─── Given data

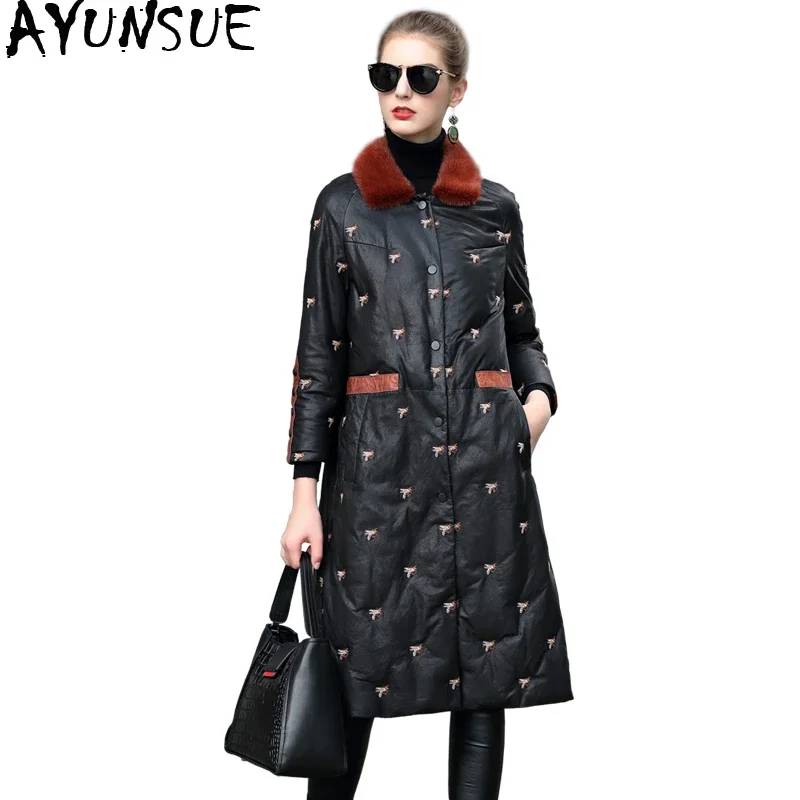 

AYUNSUE Genuine Leather Jacket Women Down Coats Embroidery Winter Jackets Natural Mink Fur Collar Sheepskin Coat Female VH9555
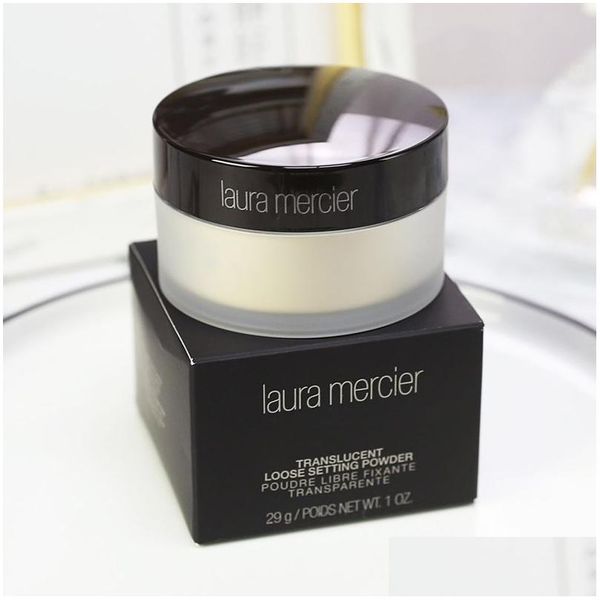 Pacchetto gocce di cipria in scatola nera Fondotinta Laura Mercier Impostazione allentata Correzione trucco Min Pore Brighten Concealer Consegna Salute B Dhinl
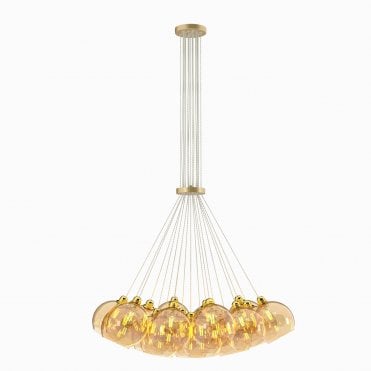 Apollo 19 Light Pendant Butter Brass Amber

──────

§ Exercise prompt:
Starting at the line that contains "Pacchetto gocce di", retype every line through the end of the material exactly as written, including both end lines but no pictures.

§ Task response:
 Pacchetto gocce di cipria in scatola nera Fondotinta Laura Mercier Impostazione allentata Correzione trucco Min Pore Brighten Concealer Consegna Salute B Dhinl
 Apollo 19 Light Pendant Butter Brass Amber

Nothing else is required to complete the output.